╔══

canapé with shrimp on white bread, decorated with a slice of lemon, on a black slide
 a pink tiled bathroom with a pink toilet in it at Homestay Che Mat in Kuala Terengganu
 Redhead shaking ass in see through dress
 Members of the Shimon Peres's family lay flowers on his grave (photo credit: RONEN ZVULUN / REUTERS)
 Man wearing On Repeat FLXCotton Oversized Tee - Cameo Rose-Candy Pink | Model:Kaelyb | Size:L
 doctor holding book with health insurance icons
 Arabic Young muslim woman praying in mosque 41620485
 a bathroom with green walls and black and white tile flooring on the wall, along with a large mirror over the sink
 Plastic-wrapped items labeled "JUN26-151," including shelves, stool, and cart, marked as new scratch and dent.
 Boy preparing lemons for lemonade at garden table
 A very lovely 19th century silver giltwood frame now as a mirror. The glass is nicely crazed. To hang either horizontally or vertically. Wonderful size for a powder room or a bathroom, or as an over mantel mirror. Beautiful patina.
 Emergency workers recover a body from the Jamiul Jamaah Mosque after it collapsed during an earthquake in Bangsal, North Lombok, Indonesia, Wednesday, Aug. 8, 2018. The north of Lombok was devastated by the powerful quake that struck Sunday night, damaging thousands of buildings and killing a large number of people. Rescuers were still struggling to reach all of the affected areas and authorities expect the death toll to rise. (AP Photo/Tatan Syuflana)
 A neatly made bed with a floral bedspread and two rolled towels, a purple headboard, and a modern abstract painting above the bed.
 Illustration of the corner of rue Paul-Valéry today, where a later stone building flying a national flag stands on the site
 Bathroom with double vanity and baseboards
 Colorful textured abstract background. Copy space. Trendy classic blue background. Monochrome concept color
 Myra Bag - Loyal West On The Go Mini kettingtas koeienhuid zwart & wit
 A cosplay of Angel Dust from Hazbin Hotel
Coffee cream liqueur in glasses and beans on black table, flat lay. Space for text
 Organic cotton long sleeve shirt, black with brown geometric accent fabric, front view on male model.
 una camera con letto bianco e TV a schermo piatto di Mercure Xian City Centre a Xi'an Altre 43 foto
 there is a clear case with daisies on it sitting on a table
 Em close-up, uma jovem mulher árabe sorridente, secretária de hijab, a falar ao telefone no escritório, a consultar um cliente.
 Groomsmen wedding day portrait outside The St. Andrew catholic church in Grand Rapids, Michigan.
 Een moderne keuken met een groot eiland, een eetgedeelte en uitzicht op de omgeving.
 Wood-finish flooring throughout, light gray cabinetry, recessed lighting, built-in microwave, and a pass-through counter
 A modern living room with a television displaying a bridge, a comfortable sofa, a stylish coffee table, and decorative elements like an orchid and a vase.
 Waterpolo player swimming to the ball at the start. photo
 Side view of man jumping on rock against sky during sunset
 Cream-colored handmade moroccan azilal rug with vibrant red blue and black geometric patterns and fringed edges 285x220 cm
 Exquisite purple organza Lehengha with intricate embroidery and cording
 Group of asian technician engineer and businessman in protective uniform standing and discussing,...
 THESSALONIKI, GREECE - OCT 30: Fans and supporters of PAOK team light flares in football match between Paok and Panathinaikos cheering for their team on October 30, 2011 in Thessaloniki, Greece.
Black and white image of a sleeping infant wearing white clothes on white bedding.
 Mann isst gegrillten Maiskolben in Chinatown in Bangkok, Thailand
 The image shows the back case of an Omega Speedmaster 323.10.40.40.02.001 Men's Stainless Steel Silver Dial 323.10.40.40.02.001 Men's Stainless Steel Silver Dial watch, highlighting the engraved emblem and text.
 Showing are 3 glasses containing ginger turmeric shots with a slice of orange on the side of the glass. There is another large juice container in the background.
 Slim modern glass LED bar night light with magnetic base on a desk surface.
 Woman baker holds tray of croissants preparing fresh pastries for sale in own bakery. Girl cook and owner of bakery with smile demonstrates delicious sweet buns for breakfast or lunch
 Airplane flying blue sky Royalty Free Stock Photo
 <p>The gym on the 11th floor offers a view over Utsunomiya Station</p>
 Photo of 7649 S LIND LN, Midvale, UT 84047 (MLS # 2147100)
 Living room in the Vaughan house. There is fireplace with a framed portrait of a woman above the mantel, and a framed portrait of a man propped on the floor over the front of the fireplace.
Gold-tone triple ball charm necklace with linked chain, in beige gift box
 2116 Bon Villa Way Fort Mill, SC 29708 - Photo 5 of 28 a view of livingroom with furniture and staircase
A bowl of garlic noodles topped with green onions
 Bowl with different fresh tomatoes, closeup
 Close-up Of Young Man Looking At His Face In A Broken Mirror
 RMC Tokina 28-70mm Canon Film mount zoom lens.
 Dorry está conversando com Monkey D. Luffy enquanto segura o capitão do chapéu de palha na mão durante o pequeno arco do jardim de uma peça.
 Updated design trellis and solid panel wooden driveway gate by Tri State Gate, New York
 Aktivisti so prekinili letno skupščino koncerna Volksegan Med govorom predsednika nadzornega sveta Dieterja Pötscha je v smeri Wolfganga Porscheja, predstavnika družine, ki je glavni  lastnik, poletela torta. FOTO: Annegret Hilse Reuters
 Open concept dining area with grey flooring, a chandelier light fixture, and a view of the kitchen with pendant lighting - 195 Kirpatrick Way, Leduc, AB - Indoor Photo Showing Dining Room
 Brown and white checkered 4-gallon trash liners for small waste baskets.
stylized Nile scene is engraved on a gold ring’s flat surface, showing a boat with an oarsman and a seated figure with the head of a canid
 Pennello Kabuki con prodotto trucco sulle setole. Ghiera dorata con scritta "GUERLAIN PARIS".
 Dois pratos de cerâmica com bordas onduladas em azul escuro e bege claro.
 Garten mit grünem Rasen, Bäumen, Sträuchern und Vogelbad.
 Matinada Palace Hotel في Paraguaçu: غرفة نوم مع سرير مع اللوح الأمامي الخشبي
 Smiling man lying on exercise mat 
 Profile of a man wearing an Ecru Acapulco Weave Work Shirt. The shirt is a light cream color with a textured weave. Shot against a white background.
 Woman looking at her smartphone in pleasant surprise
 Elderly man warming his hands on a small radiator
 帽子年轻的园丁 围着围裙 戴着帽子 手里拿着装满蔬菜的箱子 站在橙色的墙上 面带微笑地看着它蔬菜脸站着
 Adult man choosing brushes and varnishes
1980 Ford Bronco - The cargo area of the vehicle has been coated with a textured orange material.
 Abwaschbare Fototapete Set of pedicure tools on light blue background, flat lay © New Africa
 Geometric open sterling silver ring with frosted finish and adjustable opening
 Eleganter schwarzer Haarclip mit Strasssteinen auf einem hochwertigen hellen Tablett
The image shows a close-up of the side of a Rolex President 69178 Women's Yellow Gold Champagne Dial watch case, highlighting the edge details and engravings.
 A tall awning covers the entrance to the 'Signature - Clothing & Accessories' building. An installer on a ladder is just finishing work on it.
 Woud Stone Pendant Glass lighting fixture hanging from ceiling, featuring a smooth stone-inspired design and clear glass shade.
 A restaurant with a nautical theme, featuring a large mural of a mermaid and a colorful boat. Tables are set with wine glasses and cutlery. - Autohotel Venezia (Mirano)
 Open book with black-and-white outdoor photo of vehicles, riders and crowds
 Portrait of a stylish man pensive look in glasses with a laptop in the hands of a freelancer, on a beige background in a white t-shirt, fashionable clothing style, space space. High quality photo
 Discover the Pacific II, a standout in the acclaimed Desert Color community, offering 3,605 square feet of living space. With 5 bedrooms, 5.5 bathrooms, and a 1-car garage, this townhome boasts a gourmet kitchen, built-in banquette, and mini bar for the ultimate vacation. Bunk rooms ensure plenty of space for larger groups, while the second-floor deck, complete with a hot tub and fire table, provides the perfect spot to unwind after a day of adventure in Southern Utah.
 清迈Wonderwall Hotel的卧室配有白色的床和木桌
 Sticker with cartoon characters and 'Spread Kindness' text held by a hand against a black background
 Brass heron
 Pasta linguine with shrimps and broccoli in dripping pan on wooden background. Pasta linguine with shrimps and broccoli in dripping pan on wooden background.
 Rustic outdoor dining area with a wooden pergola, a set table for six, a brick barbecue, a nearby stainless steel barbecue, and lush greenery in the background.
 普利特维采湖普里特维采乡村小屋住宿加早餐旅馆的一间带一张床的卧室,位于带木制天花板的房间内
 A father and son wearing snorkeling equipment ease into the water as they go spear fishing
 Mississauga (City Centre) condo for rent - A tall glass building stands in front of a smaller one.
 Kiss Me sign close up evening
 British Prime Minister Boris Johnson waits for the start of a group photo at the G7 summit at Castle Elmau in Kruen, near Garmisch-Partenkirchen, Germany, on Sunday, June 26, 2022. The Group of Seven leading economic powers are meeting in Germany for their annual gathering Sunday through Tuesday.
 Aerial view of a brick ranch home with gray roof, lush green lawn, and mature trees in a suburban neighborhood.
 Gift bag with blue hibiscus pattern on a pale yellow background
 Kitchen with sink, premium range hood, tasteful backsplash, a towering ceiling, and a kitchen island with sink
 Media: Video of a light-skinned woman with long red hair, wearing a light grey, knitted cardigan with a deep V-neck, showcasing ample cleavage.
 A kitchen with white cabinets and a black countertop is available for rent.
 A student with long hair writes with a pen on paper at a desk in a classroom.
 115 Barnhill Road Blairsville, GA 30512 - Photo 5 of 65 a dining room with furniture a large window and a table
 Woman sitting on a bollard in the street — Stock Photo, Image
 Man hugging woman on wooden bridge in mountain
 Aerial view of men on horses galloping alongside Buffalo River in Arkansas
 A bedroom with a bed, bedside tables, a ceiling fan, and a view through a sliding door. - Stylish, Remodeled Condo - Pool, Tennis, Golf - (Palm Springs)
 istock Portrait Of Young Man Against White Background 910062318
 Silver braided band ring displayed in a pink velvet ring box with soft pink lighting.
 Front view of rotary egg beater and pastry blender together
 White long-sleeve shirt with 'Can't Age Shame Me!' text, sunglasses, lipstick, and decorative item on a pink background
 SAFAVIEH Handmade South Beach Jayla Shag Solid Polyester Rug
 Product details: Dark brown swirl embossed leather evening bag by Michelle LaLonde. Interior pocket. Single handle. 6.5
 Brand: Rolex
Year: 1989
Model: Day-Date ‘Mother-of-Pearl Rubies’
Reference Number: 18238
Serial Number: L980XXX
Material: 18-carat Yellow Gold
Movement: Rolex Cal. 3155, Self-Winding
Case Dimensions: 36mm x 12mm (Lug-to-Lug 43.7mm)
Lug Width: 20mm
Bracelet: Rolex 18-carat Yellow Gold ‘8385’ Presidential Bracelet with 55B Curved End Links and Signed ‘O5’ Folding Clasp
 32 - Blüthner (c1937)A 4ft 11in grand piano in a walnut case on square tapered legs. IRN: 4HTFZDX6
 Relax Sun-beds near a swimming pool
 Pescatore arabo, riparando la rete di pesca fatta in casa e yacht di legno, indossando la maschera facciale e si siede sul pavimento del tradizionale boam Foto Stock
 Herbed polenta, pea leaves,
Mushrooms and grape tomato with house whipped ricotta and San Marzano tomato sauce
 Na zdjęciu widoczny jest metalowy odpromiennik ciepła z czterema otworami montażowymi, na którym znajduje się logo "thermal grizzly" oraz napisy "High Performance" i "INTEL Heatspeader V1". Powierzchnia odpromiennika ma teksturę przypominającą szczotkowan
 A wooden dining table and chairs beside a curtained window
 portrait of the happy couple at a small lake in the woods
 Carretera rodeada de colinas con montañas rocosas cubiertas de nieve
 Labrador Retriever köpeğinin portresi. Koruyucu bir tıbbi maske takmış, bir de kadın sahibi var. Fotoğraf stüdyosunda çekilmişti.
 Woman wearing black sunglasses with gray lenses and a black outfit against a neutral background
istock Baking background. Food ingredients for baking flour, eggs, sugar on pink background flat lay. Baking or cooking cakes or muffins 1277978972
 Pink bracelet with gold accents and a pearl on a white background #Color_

╚══

Every line above from the line with "A kitchen with" to the line with "SAFAVIEH Handmade South" is wanted, ends included; write them out exactly and add no other line.

 A kitchen with white cabinets and a black countertop is available for rent.
 A student with long hair writes with a pen on paper at a desk in a classroom.
 115 Barnhill Road Blairsville, GA 30512 - Photo 5 of 65 a dining room with furniture a large window and a table
 Woman sitting on a bollard in the street — Stock Photo, Image
 Man hugging woman on wooden bridge in mountain
 Aerial view of men on horses galloping alongside Buffalo River in Arkansas
 A bedroom with a bed, bedside tables, a ceiling fan, and a view through a sliding door. - Stylish, Remodeled Condo - Pool, Tennis, Golf - (Palm Springs)
 istock Portrait Of Young Man Against White Background 910062318
 Silver braided band ring displayed in a pink velvet ring box with soft pink lighting.
 Front view of rotary egg beater and pastry blender together
 White long-sleeve shirt with 'Can't Age Shame Me!' text, sunglasses, lipstick, and decorative item on a pink background
 SAFAVIEH Handmade South Beach Jayla Shag Solid Polyester Rug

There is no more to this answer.